震源は日向灘で、震源の深さは45キロ、地震の規模はマグニチュード6.6とされる。
フィリピン海プレートがユーラシアプレートに沈み込む境界線で起きたこの地震、近い将来予想される南海トラフ巨大地震との関連がとても気になる。
昨年放送されたNHKスペシャル「MEGAQUAKE巨大地震」シリーズの最新作「震災10年 科学はどこまで迫れたか」の中で紹介された専門家の仮説とピタリ一致しているように感じたからだ。
この番組を見た時のブログを読み返してみると、確かに「日向灘」というキーワードが残されていた。
東日本大震災後、多くの研究者たちから注目を集めているのが「スロースリップ」という現象である。
ドラマ「日本沈没」でも度々登場する「スロースリップ」は、普通の地震によるプレートのすべり(スリップ)よりもはるかに遅い速度で発生する滑り現象のことで、直接揺れを引き起こさないためこれまではほとんど問題とされてこなかった。
しかし、東日本大震災ではこのスロースリップがM9の巨大地震の引き金になったとして注目を集めるようになり、その後メキシコやチリで起きた巨大地震でも直前にスロースリップが確認された。
南海トラフでは四国沖から紀伊半島沖にかけて「固着域」と呼ばれるプレート同士が強くくっついた部分が広がるが、その周辺で不気味なスロースリップが確認されている。
東北大学の高木涼太助教によると、南海トラフの西端である日向灘では宮崎沖から大分沖、さらに四国内陸部へと「スロースリップ」が固着域に向かって移動する現象が何度も観測されているという。
2002年、2006年、2013年に始まり数年かけて固着域に近づいていくこの動き。
これにより、「固着域」の淵に新たなひずみが溜まっていく。
「スロースリップが起こることで着実に巨大地震発生域の力をためている。
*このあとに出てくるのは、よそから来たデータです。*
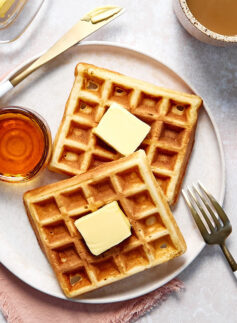 waffles with butter on them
確実にその日(Xデー)に近づけているということになっていると思います」
吉祥寺@ブログより
巨大地震の前兆は日向灘で発生するスロースリップから始まる。
東北大学の高木涼太助教の予言は、不気味な真実味を帯びているように感じる。

ただ今回の地震が南海トラフ巨大地震に直結するものではないというのが専門家の見方のようだ。
気象庁・南海トラフ評価検討会の平田直会長は「南海トラフ巨大地震の想定震源域と重なる場所での強い揺れではあったが、南海トラフの直接のきっかけになるとは考えていない」と語った。
平田さんによると、南海トラフ巨大地震は、日本列島の下に沈み込む海側のプレートと、陸側のプレートの境界で起こる「プレート境界型」と想定されている。しかし、今回の地震の震源は、海側のプレートの内部だった。強い力がかかっているプレート内部の岩盤が壊れるタイプの地震とみられる。岩盤がずれた方向もプレート境界型の地震とは異なっていた。
引用:朝日新聞
気象庁も、今回の規模がM6.8未満で基準に達しないことから有識者を交えた「南海トラフ沿いの地震に関する評価検討会」の臨時開催は見送り、定例の検討会で巨大地震との関連を議論するという。
しかし、現在の技術では巨大地震の発生を正確に予知することはできない。
地球のメカニズム上、プレートの歪みは徐々に溜まり、いつか必ず大きな跳ね返りがやってくるのだが、そのリズムは人間の時間軸としてはあまりにゆっくり過ぎて一生に一度遭遇するかどうかの「想定外」と感じてしまうのだ。

東京にある築50年のマンションと岡山にある築100年の古民家。
その時私がどこにいるのかは予想できないが、どちらにしても強い地震にはとても脆そうである。
本当に命を惜しむならば、今すぐに安全な家に引っ越した方がいいに違いない。
とはいえ、日本列島は地震の巣であり火山列島である。
どこに逃げようが、絶対的な安全が保障される場所などないのだ。
日本人として生まれた以上、腹を括って地震と寄り添って生きていくほかはない。